If the songs behind Lane’s lip-synched performances sound like those of a Lady Meatloaf, it’s because they are; Jim Steinman, writer of most Loaf hits, penned and arranged many of the tunes for the film. These songs are incredibly, infectiously good, and the concert scenes showcasing them are big, over-the-top productions. For evidence, check out the clips of “Nowhere Fast” and “Tonight is What it Means to be Young.” Then try to keep from playing them again.

TiMER (2009)
Written and Directed by: Jac Schaeffer

As author Kevin Wilson once said of his short stories, many of which bend reality in tiny ways, “When you present something strange and perhaps not possible, if you don’t blink, if you simply incorporate it into the story without making too much of a show about it, it will have a better chance of being accepted by the reader.”

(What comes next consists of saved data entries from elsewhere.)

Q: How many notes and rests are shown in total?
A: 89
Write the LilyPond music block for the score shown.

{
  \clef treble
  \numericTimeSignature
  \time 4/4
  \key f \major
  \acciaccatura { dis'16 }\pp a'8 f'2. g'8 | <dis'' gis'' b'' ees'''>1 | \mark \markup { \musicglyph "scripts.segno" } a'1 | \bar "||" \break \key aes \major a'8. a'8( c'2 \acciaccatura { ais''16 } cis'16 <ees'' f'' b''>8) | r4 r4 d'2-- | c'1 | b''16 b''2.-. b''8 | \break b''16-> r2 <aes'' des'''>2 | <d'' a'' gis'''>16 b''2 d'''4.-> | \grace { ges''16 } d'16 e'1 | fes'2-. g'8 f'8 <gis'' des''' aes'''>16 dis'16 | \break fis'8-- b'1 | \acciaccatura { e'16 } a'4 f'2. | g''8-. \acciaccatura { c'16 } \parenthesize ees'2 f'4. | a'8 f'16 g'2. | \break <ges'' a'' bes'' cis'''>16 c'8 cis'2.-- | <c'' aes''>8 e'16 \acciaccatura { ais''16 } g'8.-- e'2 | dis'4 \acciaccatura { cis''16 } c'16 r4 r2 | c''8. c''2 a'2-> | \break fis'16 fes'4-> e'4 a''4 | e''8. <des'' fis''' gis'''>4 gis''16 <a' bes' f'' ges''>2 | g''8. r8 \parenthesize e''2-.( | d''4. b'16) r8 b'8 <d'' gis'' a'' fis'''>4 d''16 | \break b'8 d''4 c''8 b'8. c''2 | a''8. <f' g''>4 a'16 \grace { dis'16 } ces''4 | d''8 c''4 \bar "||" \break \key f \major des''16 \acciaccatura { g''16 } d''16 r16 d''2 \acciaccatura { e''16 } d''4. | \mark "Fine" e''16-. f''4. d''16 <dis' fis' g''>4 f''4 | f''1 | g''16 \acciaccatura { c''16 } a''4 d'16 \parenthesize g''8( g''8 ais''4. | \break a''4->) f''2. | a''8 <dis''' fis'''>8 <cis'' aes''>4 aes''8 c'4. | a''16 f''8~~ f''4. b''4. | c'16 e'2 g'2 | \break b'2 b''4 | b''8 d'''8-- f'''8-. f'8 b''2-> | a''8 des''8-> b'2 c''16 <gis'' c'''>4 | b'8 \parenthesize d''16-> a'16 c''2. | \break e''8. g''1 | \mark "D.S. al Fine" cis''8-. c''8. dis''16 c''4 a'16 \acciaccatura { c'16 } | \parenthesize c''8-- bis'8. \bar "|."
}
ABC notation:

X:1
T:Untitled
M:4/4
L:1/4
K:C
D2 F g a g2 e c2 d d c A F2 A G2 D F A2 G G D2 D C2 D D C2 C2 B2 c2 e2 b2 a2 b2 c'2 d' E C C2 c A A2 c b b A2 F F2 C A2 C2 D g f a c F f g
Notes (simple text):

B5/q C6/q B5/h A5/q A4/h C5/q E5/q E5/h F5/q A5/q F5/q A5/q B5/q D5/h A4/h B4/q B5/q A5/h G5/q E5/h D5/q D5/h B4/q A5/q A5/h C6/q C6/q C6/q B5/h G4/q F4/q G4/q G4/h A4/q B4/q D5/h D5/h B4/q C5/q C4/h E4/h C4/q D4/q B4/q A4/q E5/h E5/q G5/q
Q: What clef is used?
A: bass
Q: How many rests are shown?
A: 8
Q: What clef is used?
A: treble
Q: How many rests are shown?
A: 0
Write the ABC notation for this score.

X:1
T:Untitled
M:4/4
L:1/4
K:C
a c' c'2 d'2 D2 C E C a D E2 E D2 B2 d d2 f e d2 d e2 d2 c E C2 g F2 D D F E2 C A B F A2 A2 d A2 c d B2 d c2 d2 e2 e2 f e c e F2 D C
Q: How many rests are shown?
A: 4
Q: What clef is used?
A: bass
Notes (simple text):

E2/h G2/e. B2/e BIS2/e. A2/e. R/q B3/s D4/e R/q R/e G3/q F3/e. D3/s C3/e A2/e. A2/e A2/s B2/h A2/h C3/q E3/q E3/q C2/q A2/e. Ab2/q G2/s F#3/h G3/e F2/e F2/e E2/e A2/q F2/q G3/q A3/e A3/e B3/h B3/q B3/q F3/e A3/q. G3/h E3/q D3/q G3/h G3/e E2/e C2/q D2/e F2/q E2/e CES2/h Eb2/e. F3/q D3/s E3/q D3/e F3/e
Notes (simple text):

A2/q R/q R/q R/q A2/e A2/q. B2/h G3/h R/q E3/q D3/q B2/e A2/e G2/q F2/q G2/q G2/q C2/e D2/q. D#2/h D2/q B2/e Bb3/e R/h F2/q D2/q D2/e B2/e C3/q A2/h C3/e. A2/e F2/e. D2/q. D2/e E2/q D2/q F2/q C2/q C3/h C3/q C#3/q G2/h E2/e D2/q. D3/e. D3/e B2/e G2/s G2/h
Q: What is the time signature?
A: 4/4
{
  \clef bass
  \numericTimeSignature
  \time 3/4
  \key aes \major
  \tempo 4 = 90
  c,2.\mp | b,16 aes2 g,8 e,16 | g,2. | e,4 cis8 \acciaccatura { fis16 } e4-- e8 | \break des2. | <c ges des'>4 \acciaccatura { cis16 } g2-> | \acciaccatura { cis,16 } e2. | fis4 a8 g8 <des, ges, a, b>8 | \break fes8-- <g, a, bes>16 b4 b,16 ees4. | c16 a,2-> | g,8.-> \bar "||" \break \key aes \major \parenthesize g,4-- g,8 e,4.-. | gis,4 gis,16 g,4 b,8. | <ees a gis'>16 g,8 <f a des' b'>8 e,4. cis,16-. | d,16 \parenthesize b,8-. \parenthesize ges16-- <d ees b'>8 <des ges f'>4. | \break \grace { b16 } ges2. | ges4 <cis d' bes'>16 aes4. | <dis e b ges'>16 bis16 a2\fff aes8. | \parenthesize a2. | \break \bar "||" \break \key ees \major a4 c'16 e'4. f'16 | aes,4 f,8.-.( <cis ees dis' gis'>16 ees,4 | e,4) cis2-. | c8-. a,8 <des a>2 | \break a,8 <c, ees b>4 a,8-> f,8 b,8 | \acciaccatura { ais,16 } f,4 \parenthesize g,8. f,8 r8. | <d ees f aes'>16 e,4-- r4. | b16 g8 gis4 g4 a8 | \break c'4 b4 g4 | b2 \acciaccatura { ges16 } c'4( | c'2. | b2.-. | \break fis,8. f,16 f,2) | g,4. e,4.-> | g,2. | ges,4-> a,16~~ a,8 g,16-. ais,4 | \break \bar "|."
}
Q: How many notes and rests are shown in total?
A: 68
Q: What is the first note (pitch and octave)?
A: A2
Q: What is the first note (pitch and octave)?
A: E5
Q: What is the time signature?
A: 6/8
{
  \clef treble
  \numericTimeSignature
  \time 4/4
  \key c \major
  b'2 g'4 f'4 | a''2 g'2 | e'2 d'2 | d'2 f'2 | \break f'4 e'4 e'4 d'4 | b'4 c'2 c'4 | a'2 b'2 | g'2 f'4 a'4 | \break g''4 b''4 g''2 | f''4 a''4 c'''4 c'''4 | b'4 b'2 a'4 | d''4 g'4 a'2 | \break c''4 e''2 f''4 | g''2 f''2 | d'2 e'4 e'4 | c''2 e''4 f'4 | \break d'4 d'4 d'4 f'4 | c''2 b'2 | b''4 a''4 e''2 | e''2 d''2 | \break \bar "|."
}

TiMER writer-director Jac Schaeffer seems to agree with this principle. At the heart of the story is an implant device, a magical technology which counts down to the moment at which you will (and it is a definite, infallible will) meet your soul mate. The setup seems ripe for explanations and arguments, but Schaeffer smartly avoids any potential sci-fi navel-gazing to focus on the effects this technology has on Oona and her small, perfect-match-minded circle. It’s not about how, but what then.

The film’s neutral color palette and soft, even lighting can sometimes feel like a toothpaste ad. But underneath the gauzy visuals are smart performances and naturally witty dialogue, and a relieving refusal to slide in to the usual boy-meets-girl tropes. Without driving it in too much, the characters’ unease with the device reflects our increasingly complicated struggle to decide how much knowledge is too much. When Oona’s teenage brother’s alarm sounds, his disappointment is clear; he won’t get to meet girls, make mistakes, and eventually find the right one (or not). His road to “happiness” is standing five feet away, and the device is pushing him to take the sure thing over the exciting unknown. TiMER eliminates the need to question compatibility, and in doing so, shows how much faith it can take for two people to commit to each other in the real world.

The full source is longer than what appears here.